» THE PROBLEM
Since only part of the material below is wanted, output exactly the lines from the one with "Cerisiers en fleurs" up to and including the one with "Tree and cloud on blue sky".

» DATA

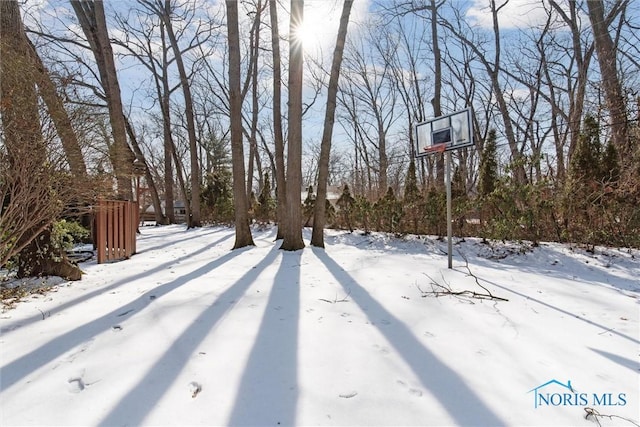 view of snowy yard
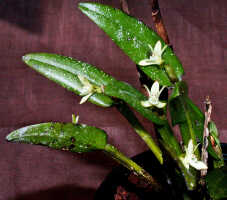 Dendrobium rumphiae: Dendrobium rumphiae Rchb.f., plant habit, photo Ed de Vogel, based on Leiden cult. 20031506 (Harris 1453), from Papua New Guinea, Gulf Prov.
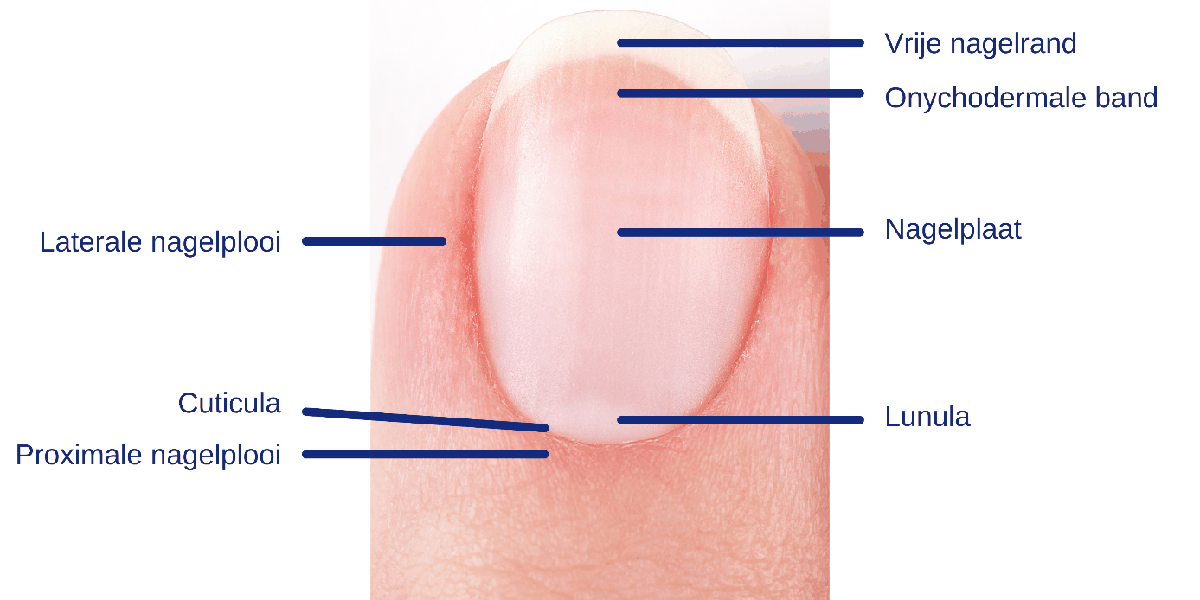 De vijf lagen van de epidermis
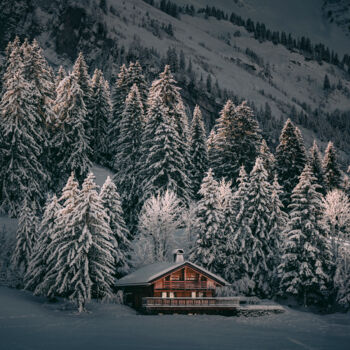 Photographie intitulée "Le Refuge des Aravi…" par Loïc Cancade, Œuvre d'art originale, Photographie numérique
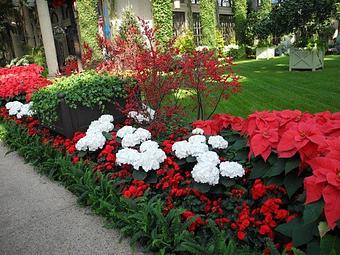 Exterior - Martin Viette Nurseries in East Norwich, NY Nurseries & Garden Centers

---

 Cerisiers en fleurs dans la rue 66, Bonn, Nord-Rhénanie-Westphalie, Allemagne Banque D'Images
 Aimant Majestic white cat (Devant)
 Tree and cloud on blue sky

---

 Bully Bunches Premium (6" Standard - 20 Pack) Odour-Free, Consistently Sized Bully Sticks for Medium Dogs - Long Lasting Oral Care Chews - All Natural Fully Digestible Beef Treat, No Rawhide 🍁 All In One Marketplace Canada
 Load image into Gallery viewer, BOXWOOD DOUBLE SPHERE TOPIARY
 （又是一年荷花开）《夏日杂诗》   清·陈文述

» YOUR RESPONSE
 Cerisiers en fleurs dans la rue 66, Bonn, Nord-Rhénanie-Westphalie, Allemagne Banque D'Images
 Aimant Majestic white cat (Devant)
 Tree and cloud on blue sky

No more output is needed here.